- _WHAT IS BEING ASKED_: Beginning with the line containing "19 Deborah Drive, Collingwood Park QLD 4301" and going on through the line containing "2031 W Donner Avenue, Fresno, CA 93705", the lines below are to be returned exactly, pictures excluded and nothing added.

----- SUPPLIED DATA

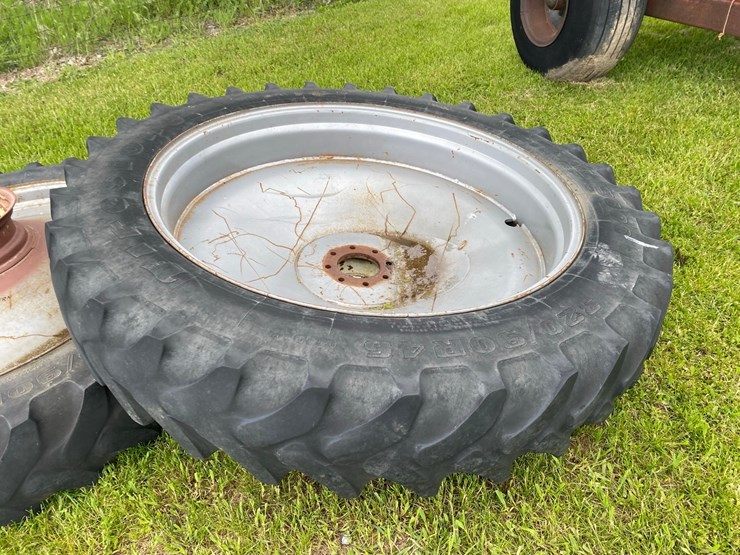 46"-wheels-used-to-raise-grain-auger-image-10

----------
----- SUPPLIED DATA

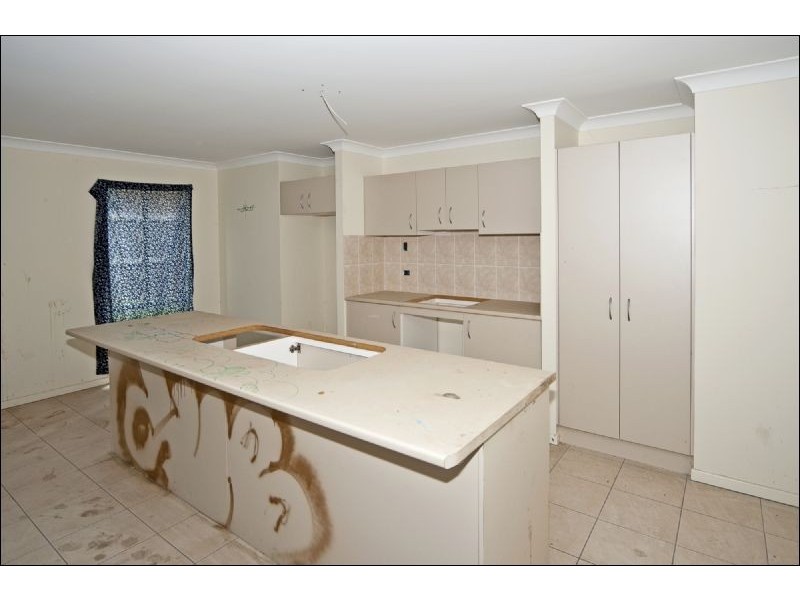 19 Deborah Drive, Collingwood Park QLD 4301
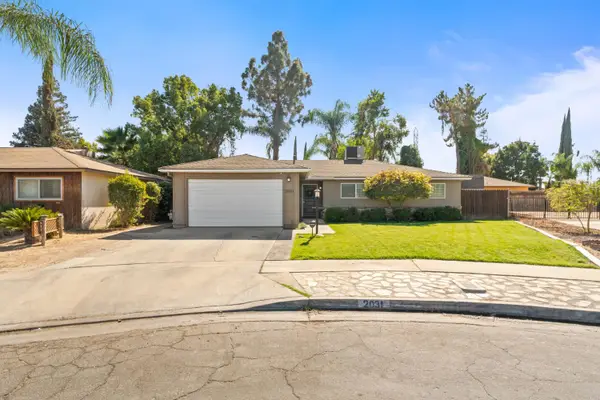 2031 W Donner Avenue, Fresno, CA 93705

----------

- _RESULT OF THIS EXERCISE_:
 19 Deborah Drive, Collingwood Park QLD 4301
 2031 W Donner Avenue, Fresno, CA 93705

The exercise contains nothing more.